In January, the Advocates for Highway & Auto Safety released their "report card" that evaluates each state's current highway safety laws. The report card grades each state based on its compliance with 16 safety laws that are proven to decrease fatalities and injury. The organization hopes to provide lawmakers with a reference to guide policymaking in the right direction.
The report includes vital pieces of information, including:
- Car crashes cost individuals $784 each in terms of societal cost.
- Vehicle crashes cost the U.S. $836 billion annually if you factor in pain, loss of life, and decreased quality of life.

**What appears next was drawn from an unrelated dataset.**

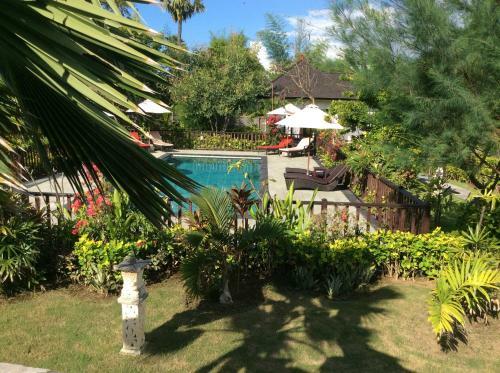 Hostal Taman Dewi Sri Villa Et Bungalow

- 100 people are killed and 6,500 people are injured every day from car crashes.
As truck accident lawyers, we believe it's vital for all of us to stop thinking about truck accidents and car crashes as one-time costs and one-time events. These are public safety issues that cost the public nearly $1 trillion every year. The implementation of existing safety technology could save each person in American hundreds of dollars—if only policymakers would act on the available information.
As cars become safer, the roads are getting worse. From 2016 to 2017, there was a 9 percent increase in pedestrian fatalities, an 8.8 percent increase in the deaths of elderly people on the road, and 5.4 percent increase in accidents involving a large truck.

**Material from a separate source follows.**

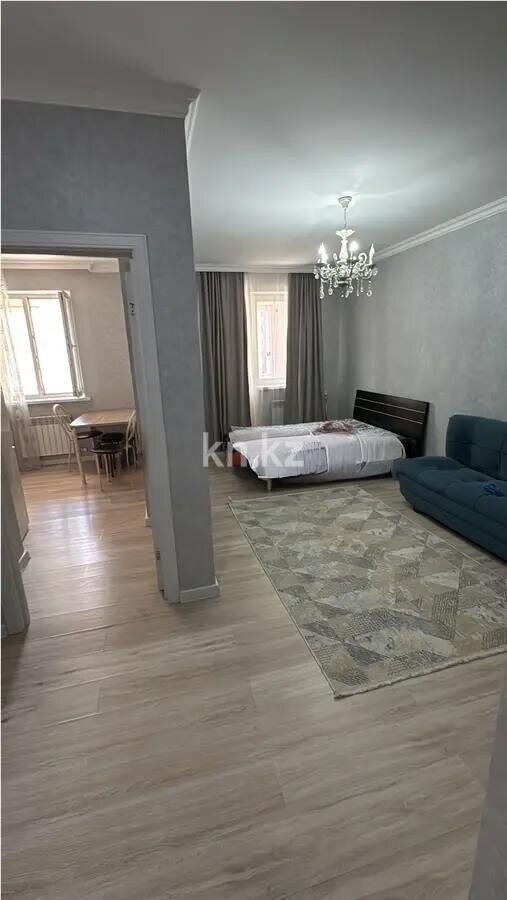 Продажа 1-комнатной квартиры, 38 м² - Продажа  однокомнатных квартир в новостройках Астаны - страница 19 фото 1 из 3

With the advent of autonomous vehicles on the horizon, some object to reforming or adding to current highway safety laws—what's the point if we're just going to be getting rid of drivers anyway? To that, founder and President Emeritus of the Advocates Jackie Gillian says, "We cannot allow lawmakers and policymakers to hide behind tomorrow’s promise of driverless cars by prolonging adoption of laws and technology that could be saving thousands of lives today."
The Laws Missing from the Nation's Safety Rules
According to the report, there are 407 laws missing across the nation that would complete each state's "perfect grade" of 16 safety laws. That's just over half. Among these missing laws are 16 states that don't have a primary enforcement of seat belts statute (as in, a law allowing officers to pull drivers over specifically for not having a seatbelt).

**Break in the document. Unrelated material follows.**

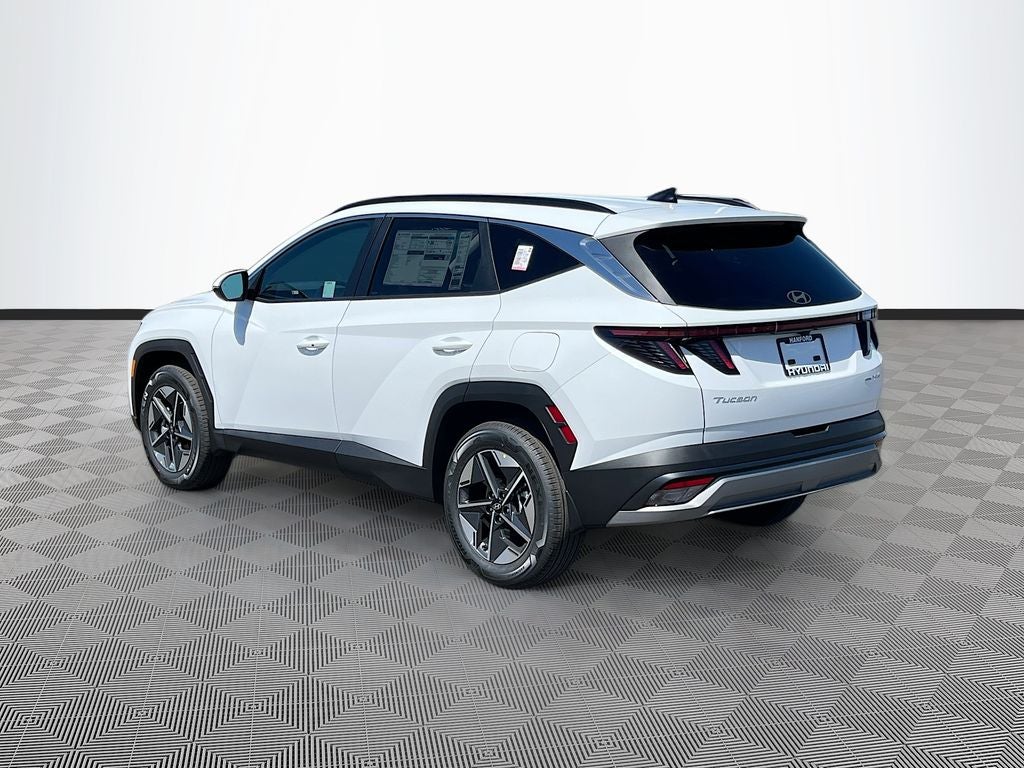 2026 Hyundai TUCSON HYBRID SEL Convenience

According to their report card, these states have the fewest highway safety laws, earning them a "red" rating:
- South Dakota
- New Hampshire
An additional 41 states and D.C. lack a law requiring children up to age 2 to sit in a rear-facing car seat. Such a law is proven to vastly increase an infant's chances of surviving a collision. Thirty-five states lack even a good booster seat law. Another 31 states lack an "optimal" all-rider motorcycle helmet law.
Texas ranks firmly in the middle of the pack (earning a "yellow" rating), but given the high number of trucking fatalities that take place within our state, we hope our lawmakers continue fighting for better, safer highways.